It’s a fairly common perception that a package repository is basically a file share or file storage, and perhaps for some of the most simple implementations, this is a reasonable analogy.
However, when thinking of Cloudsmith, this analogy misses a lot of important details that make Cloudsmith package repositories rather unique.
Synchronization - what is it good for?
If you have used Cloudsmith, you may have noticed that when you publish/upload a package to Cloudsmith or fetch a package from a public package repository (Like Maven Central or PyPi) into Cloudsmith, the first thing that happens is that the package enters a “Synchronizing” state.

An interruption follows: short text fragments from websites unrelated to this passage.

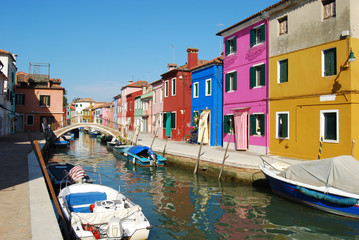 Obraz na płótnie Canvas Domy Laguna - Wenecja - Włochy 419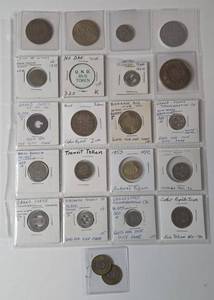 Sheet of Trade and Transit Tokens - 21 Tokens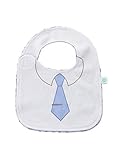 Baby Laundry Cotton Knit Reversible Bib for Boys - Blue Lattice (3-6 Months) by Baby Laundry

What exactly is synchronizing?Put simply, synchronization is where Cloudsmith processes the uploaded/ingested package. But that still belies a lot of the detail. What possible processing could a package need? Well, quite a lot actually!

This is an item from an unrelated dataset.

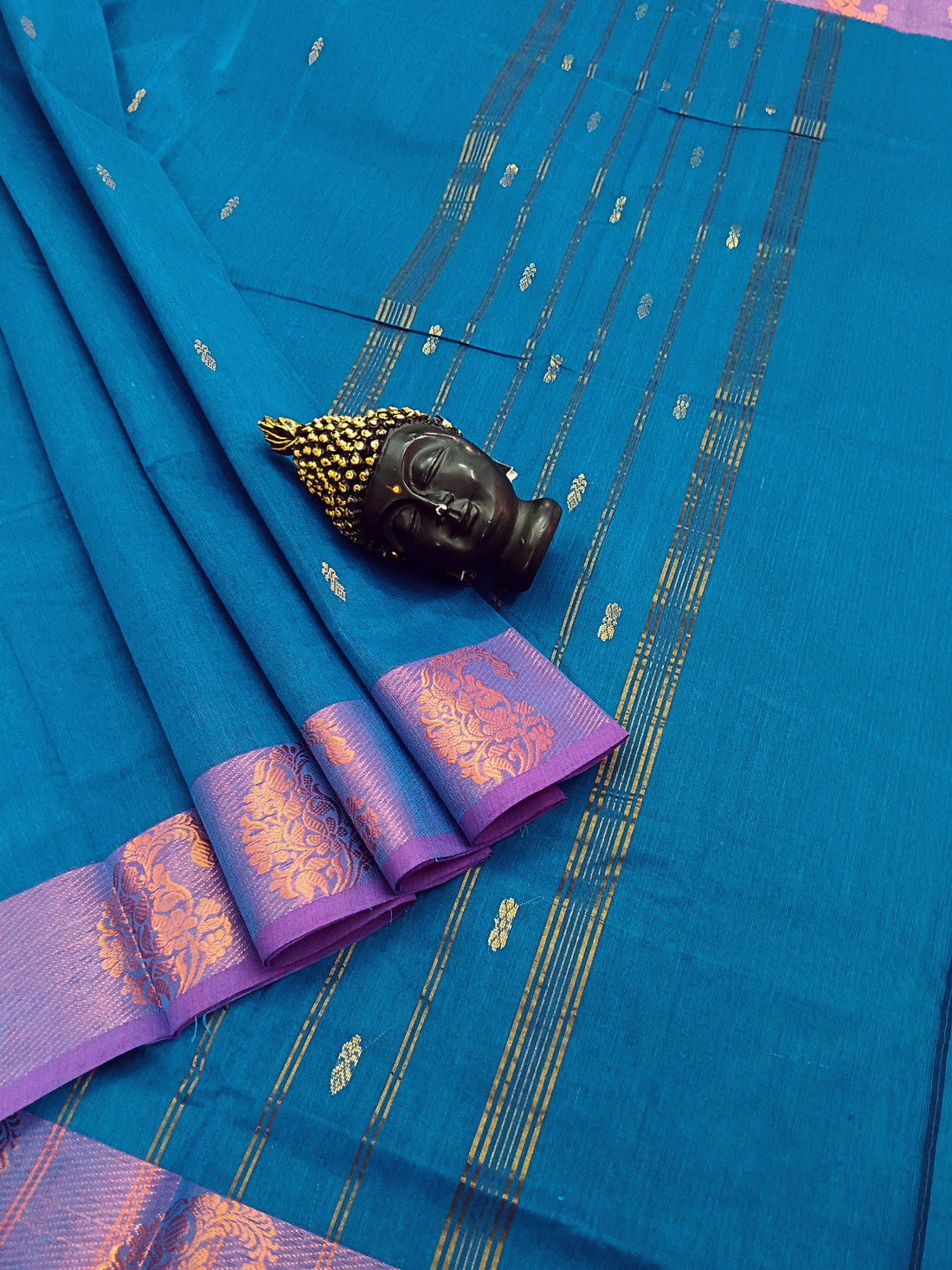 Chettinad Cotton -  Office Wear - Saphire Blue- CCOW26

Some of the steps that synchronization/package processing involves are:
- Initialization - Setting up the initial state, tools and environment for synchronization.
- Retrieving - Getting the package files from the upload storage location.

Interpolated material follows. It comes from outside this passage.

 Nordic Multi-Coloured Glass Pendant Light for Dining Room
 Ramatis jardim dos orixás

- Assembling - Extracting the package files and package assembly (layers and configs for Docker images, for example)
- Malware Scanning - Once we have the complete package file set, we scan the files for trojans, malicious content etc.
- Parsing - Verify and generate package checksums and signatures, as well as parse and verify package metadata and licenses.
- Final Synchronization - Local and Distributed Storage synchronization.
These processes are automatic, require no user interaction and run asynchronously on Cloudsmith's global infrastructure. They are a large part of what empowers Cloudsmith users to implement effective package controls. As they say, knowledge is power - and it’s by the process of synchronization that we gain the knowledge of packages.
How does this help me?
Once a package has been synchronized, we can then use the metadata generated to apply things like Vulnerability, Licence and Package Deny policies, create a scoped access token, add tags to the package, or fire a webhook for specific packages/versions. The data generated from synchronization drives a lot of the subsequent actions and workflows that you can perform.
Also, you may encounter occasions where a package fails synchronization:
This is typically a good thing (contrary to initial impressions!) because it can alert you to a problem with the package itself such as invalid/missing/incorrect metadata (the package not meeting the specification for the package type, for example), the presence of Malware in the package, or that you are attempting to upload/publish a package that already exists in the repository (as above). Package synchronization is an essential step in verifying the “correctness” of a package and It’s always better to catch things earlier in your processes than later, as the cost of remediation rises dramatically the later issues are identified.
In summary:
Cloudsmith Package Repositories do far more than just store your packages, and they have a lot more functionality than just storing your packages in an AWS S3 bucket or Azure Blob Storage, or spinning up a simplistic instance of a package repository. Packages in Cloudsmith repository are so much more than just “bits on disk”, and treating them as such is really doing them a disservice!